Word count of a word count!

[webwisewords]

I'm a freelance writer who does a lot of website content and, as such, I need to concentrate on keyword density quite often. Now, I know there are plenty of resources that will do this for me but I like to do things myself so I thought I'd create a little VBA to complete the task in Word. The following code asks for keyword and counts how many times that keyword appears in the text and then calculates the density but I have a couple of problems. I'll list the problems first then the code:

1 - It all works fine and dandy so long as the keyword is a single word. If I'm using a keyphrase that contains more than one word it still only calculates it as though there is one word. e.g. if keyword is 'keyword' and appears 4 times in 100 words it gives 4% which is fine, but change that to 'key word' and it still gives a density of 4%. By my reckoning that means that if you were to write 'key word' fifty times you would have 100 words but only a kd of 50%! I need to be able to work out the number of words in the given text but I don't know how to do this.

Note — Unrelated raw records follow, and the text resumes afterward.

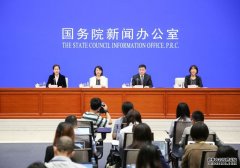 <b>500娱乐登录金牌大只500_国务院政策例行吹风会“服务实体经济明</b>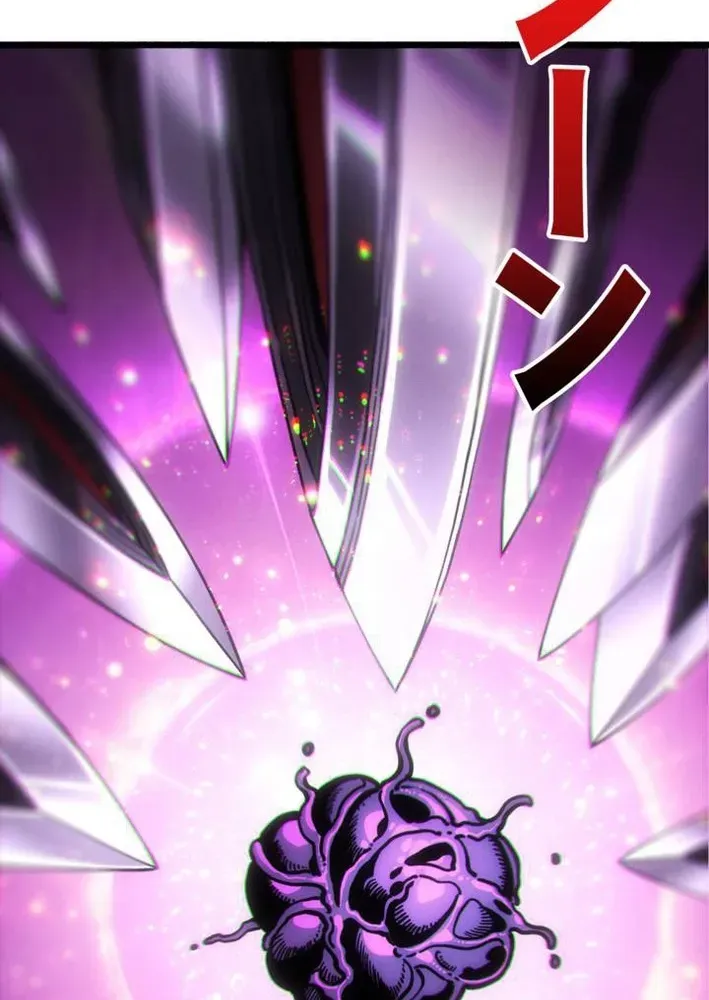 System Creator: Reborn to Stop the Apocalypse Chapter 22 page 42 - 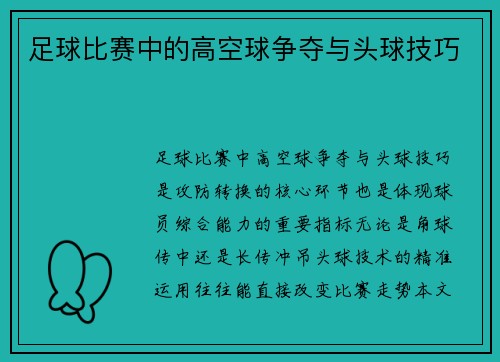 足球比赛中的高空球争夺与头球技巧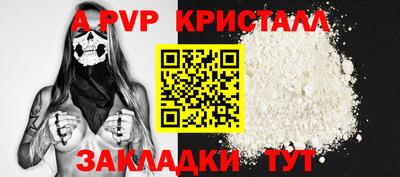 марки lsd Кимры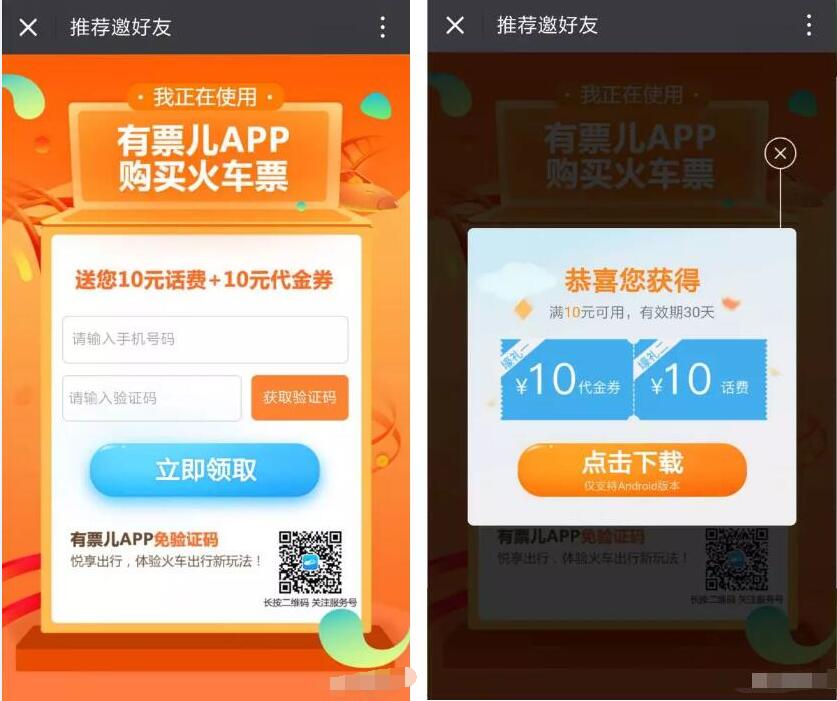 同程旅游有票儿App新春出行送10元火车抵扣券和10元话费 火车票优惠 免费话费 活动线报  第3张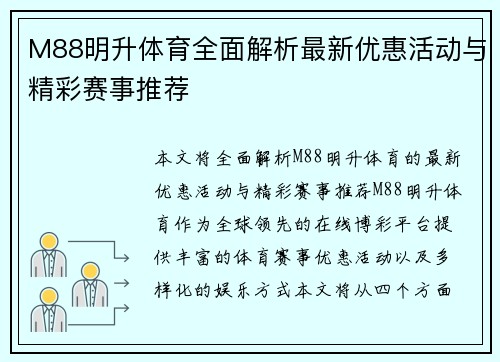 M88明升体育全面解析最新优惠活动与精彩赛事推荐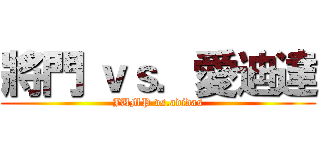 將門 ｖｓ．愛迪達 (JUMP vs.adidas)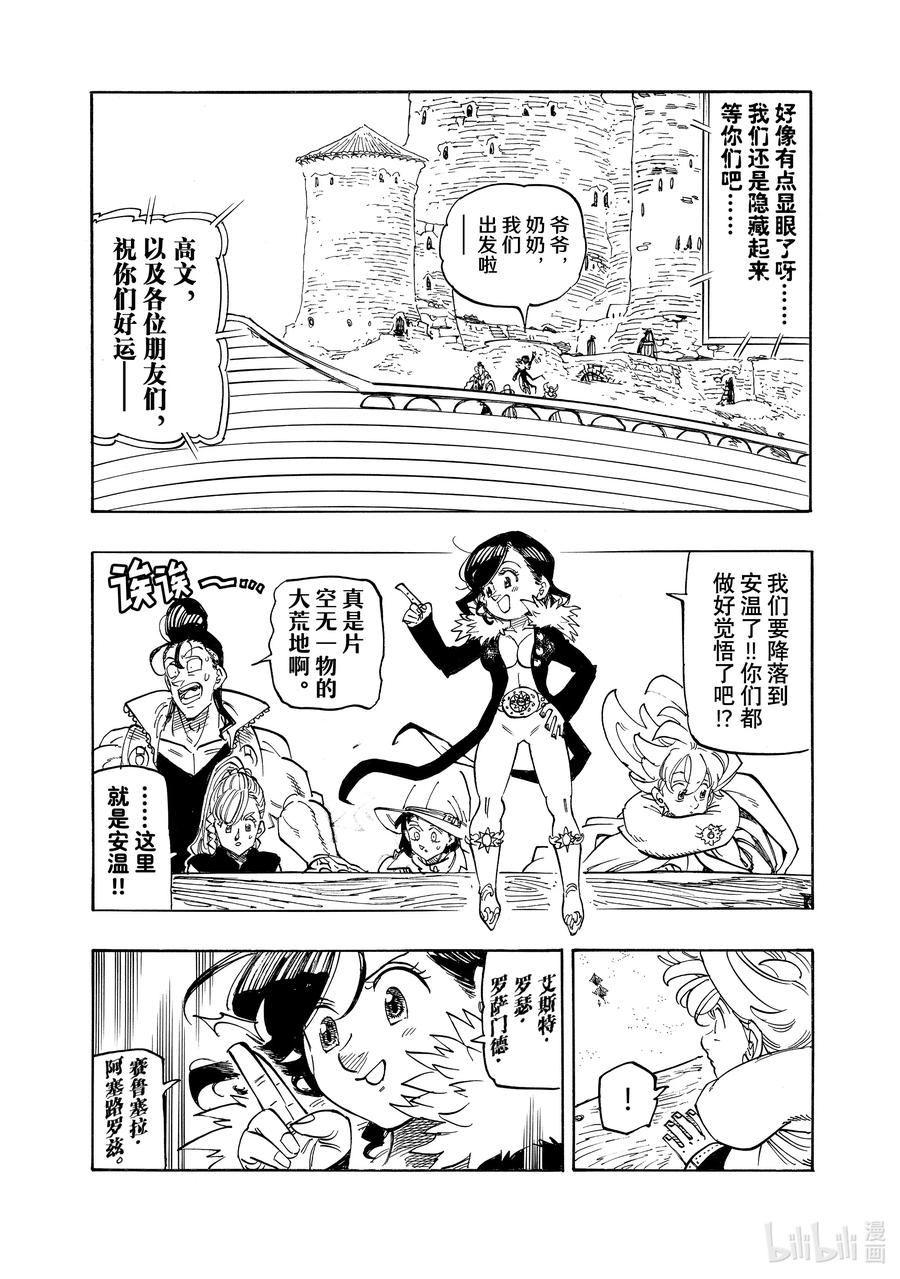 《默示录的四骑士》第161话 第8页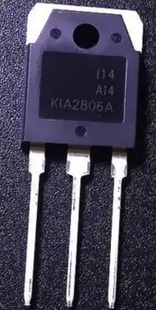 原装正品 全新KIA2806A 场效应管 逆变器 移动电源MOS管150A/60V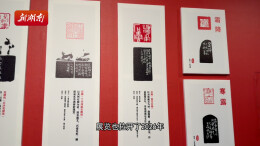 在方寸间读一首四时的诗 长沙篆刻作品展迎新启幕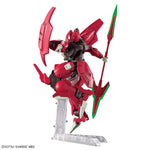 HG-TWFM DARILBALDE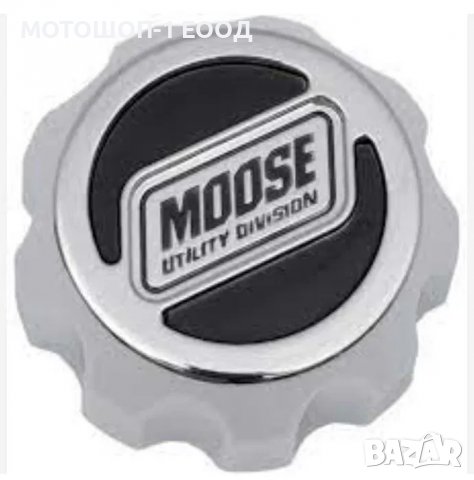  Централна капачка за Джанта за АТВ на ITP и MOOSE Racing, снимка 2 - Гуми и джанти - 39574951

2 - Is there any way of excluding excluded words from the keywordcount count. That is, if the keyphrase is 'socks and underpants' it shouldn't include the word 'and'.

3 - Why is keyword density so flaming difficult for everyone to agree on?

And now, the monster code:

Sub CountWordPhrase()

Dim x, Response, ExitResponse
Dim KeyWord As Integer
Dim WordCount As Integer
WordCount = ActiveDocument.BuiltInDocumentProperties(wdPropertyWords)

On Error Resume Next

AskAgain:


x = InputBox("Please enter the keyword you wish to count and click OK." _
& Chr$(13) & Chr$(13) & _
"NOTE: This macro will find a whole word only. If the text you typed " _
& "is part of a larger string, it will also be found.")


If x = "" Or x = " " Then
ExitResponse = MsgBox("You either clicked Cancel or you did " & _
"not type a word. Do you want to quit?", vbYesNo)

If ExitResponse = 6 Then
End
Else

GoTo AskAgain
End If
Else


With ActiveDocument.Content.Find
Do While .Execute(FindText:=x, Forward:=True, Format:=True, _
MatchWholeWord:=True) = True


StatusBar = "Word is counting the occurrences of the text " & _
Chr$(34) & x & Chr$(34) & "."

KeyWord = KeyWord + 1
Loop
End With

Density = Int(KeyWord / WordCount * 100)


Response = MsgBox("The text " & Chr$(34) & x & Chr$(34) & " was found" _
& Str$(KeyWord) & " times. This is equivalent to " & Density & "%", vbOKOnly)

End If
End Sub


Thank you very much indeed.

[[Pieter]]

Hi,

1 - You didn't take into acount that the keyphrase consist of more than 1 words. With this code you use also the number of words in the keyphrase:

VB Code:

[b]Dim l() As String
l = Split(x, " ")[/b]
            
Density = Int(KeyWord [b]* (UBound(l) + 1)[/b] / WordCount * 100)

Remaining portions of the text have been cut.